Callamos durante un rato. Por las aglomeraciones cada vez más frecuentes de policromas masas de plástico se adivinaba que ya nos acercábamos a la periferia.

— Si me lo permite, quería preguntarle si ustedes tuvieron alguna clase de dificultades con los mandos automáticos — me dijo de repente. Comprendí, mucho más por el tono que por el contenido de la frase, que mi respuesta le interesaba mucho. ¿Así que se trataba de esto?

Pero… ¿por qué?

— ¿Se refiere a los… defectos? Pues claro, los teníamos en cantidad, lo cual es comprensible:





los modelos, en comparación con los de ustedes, eran tan anticuados…

— No, no se trata de los defectos — se apresuró a replicar —, sino más bien de las oscilaciones de la efectividad en circunstancias tan diferentes… Actualmente no tenemos, por desgracia, ninguna posibilidad de probar los aparatos automáticos de forma tan extrema.

En el fondo se trataba de cuestiones puramente técnicas. Sentía curiosidad por conocer ciertos parámetros de la actividad del cerebro electrónico en el ámbito de gigantescos campos magnéticos, en las nubes de polvo cósmico y durante perturbaciones gravitatorias, y no estaba seguro de si estos datos se encontrarían en el archivo de nuestra expedición, cuya publicación aún no había sido autorizada. Le conté lo que sabía y le aconsejé que consultara a Thurber para datos más específicos, ya que había sido ayudante del director científico de nuestra expedición.

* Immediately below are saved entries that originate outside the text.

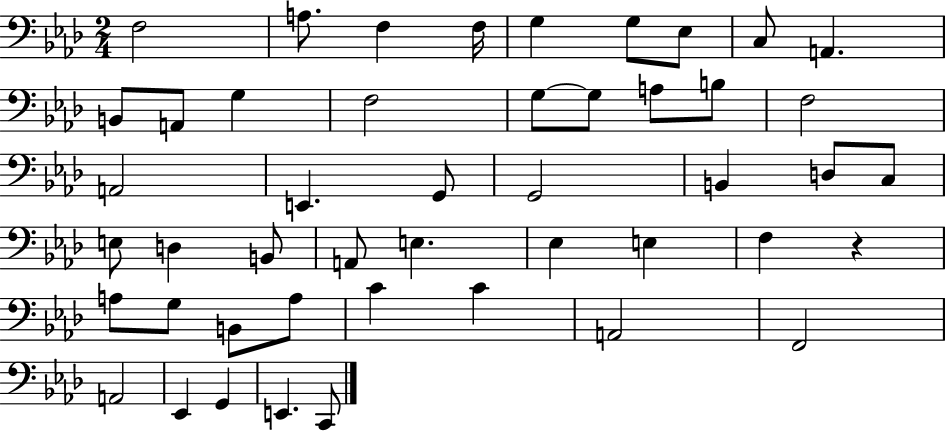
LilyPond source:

{
  \clef bass
  \numericTimeSignature
  \time 2/4
  \key aes \major
  f2 | a8. f4 f16 | g4 g8 ees8 | c8 a,4. | \break b,8 a,8 g4 | f2 | g8~~ g8 a8 b8 | f2 | \break a,2 | e,4. g,8 | g,2 | b,4 d8 c8 | \break e8 d4 b,8 | a,8 e4. | ees4 e4 | f4 r4 | \break a8 g8 b,8 a8 | c'4 c'4 | a,2 | f,2 | \break a,2 | ees,4 g,4 | e,4. c,8 | \bar "|."
}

— ¿Podré decirle que voy de su parte?

— Naturalmente.

Me dio las gracias efusivamente. Yo estaba algo decepcionado. ¿Conque eso era todo?

Pero gracias a esta conversación surgió entre nosotros una especie de vínculo profesional, y ahora le pregunté a mi vez sobre el significado de su trabajo: ignoraba qué era una selectestación.

— Oh, nada interesante. Es un almacén de chatarra… En realidad, yo querría dedicarme al trabajo científico; esto es solamente una especie de práctica, que por otra parte ni siquiera es muy útil.

— ¿Práctica? ¿Trabajar en un almacén de chatarra? ¿Cómo es eso? Usted es cibernético, así que…

— Es chatarra cibernética — me explicó con una sonrisa oblicua. Y añadió, casi despectivamente-: Porque somos muy ahorradores, ¿sabe? Se trata de que nada se pierda… En mi Instituto podría enseñarle muchas cosas interesantes, pero aquí…

Se encogió de hombros. El glider abandonó el carril y se deslizó por un alto tubo de metal hasta el espacioso patio de una fábrica; vi gran número de camiones de transporte y compuertas de reja, algo que me recordó un horno Siemens Martin modernizado.

— Ahora pongo el coche a su disposición — dijo Marger. Por una ventanilla de la pared frente a la que nos habíamos detenido, se asomó un robot y le dijo algo. Marger se apeó; empezó a gesticular y de pronto se volvió hacia mí, bastante malhumorado —. Mala suerte — explicó —.

Gloor, mi colega, está enfermo, y yo no puedo hacerlo solo… ¡Vaya problema!

— ¿De qué se trata? — pregunté, bajando del glider.

— El control debe ser efectuado por dos personas, como mínimo — me dijo Marger. Entonces su rostro se animó de improviso —. ¡ Señor Bregg! ¡Pero si usted también es cibernético!

¿Consentiría en ayudarme?

— ¡ Conque cibernético! — sonreí —. De antigüedad, debería añadir. Ya no sé nada de nada.

— Se trata de un mero formulismo — interrumpió —. Me encargaré gustosamente de la parte técnica; usted sólo tendrá que firmar, ¡nada más!

— ¿Cree usted? — dije, vacilando. Comprendía muy bien que tenía prisa por volver al lado de su mujer, pero yo no podía hacerme pasar por quien no era; y no sirvo para comparsa. Se lo dije, aunque con palabras más suaves. El alzó los dos brazos.